# [Work required]
Leaving nothing out, set down all the data exactly.

═════ Data records

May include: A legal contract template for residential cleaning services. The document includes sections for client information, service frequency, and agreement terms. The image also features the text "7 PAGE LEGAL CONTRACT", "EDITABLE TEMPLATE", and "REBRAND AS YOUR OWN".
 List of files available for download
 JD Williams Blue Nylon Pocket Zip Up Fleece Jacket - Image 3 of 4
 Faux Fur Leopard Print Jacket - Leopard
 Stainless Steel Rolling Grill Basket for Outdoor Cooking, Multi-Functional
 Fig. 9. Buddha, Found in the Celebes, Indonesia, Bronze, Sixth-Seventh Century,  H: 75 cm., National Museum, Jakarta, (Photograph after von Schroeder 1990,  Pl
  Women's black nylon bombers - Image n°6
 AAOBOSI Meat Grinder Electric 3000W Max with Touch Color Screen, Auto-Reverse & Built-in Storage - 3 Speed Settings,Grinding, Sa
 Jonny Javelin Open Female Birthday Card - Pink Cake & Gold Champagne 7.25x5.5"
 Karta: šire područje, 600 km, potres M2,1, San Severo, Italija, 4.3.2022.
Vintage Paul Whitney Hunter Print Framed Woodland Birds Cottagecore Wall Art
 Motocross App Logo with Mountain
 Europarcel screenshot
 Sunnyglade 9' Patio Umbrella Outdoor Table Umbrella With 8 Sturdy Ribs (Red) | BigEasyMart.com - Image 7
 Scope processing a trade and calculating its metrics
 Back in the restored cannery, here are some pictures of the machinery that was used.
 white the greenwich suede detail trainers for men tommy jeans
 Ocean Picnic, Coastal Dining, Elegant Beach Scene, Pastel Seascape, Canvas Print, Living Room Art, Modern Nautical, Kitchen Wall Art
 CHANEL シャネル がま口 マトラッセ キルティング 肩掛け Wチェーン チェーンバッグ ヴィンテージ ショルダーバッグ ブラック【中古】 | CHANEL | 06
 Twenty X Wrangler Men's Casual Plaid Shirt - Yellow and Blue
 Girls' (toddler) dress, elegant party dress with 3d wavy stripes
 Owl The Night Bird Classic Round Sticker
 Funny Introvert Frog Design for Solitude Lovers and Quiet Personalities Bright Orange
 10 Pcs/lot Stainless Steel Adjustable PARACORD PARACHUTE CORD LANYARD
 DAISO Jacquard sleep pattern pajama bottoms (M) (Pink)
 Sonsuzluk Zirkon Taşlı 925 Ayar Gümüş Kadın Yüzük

══════════

# [Task answer]
May include: A legal contract template for residential cleaning services. The document includes sections for client information, service frequency, and agreement terms. The image also features the text "7 PAGE LEGAL CONTRACT", "EDITABLE TEMPLATE", and "REBRAND AS YOUR OWN".
 List of files available for download
 JD Williams Blue Nylon Pocket Zip Up Fleece Jacket - Image 3 of 4
 Faux Fur Leopard Print Jacket - Leopard
 Stainless Steel Rolling Grill Basket for Outdoor Cooking, Multi-Functional
 Fig. 9. Buddha, Found in the Celebes, Indonesia, Bronze, Sixth-Seventh Century,  H: 75 cm., National Museum, Jakarta, (Photograph after von Schroeder 1990,  Pl
  Women's black nylon bombers - Image n°6
 AAOBOSI Meat Grinder Electric 3000W Max with Touch Color Screen, Auto-Reverse & Built-in Storage - 3 Speed Settings,Grinding, Sa
 Jonny Javelin Open Female Birthday Card - Pink Cake & Gold Champagne 7.25x5.5"
 Karta: šire područje, 600 km, potres M2,1, San Severo, Italija, 4.3.2022.
Vintage Paul Whitney Hunter Print Framed Woodland Birds Cottagecore Wall Art
 Motocross App Logo with Mountain
 Europarcel screenshot
 Sunnyglade 9' Patio Umbrella Outdoor Table Umbrella With 8 Sturdy Ribs (Red) | BigEasyMart.com - Image 7
 Scope processing a trade and calculating its metrics
 Back in the restored cannery, here are some pictures of the machinery that was used.
 white the greenwich suede detail trainers for men tommy jeans
 Ocean Picnic, Coastal Dining, Elegant Beach Scene, Pastel Seascape, Canvas Print, Living Room Art, Modern Nautical, Kitchen Wall Art
 CHANEL シャネル がま口 マトラッセ キルティング 肩掛け Wチェーン チェーンバッグ ヴィンテージ ショルダーバッグ ブラック【中古】 | CHANEL | 06
 Twenty X Wrangler Men's Casual Plaid Shirt - Yellow and Blue
 Girls' (toddler) dress, elegant party dress with 3d wavy stripes
 Owl The Night Bird Classic Round Sticker
 Funny Introvert Frog Design for Solitude Lovers and Quiet Personalities Bright Orange
 10 Pcs/lot Stainless Steel Adjustable PARACORD PARACHUTE CORD LANYARD
 DAISO Jacquard sleep pattern pajama bottoms (M) (Pink)
 Sonsuzluk Zirkon Taşlı 925 Ayar Gümüş Kadın Yüzük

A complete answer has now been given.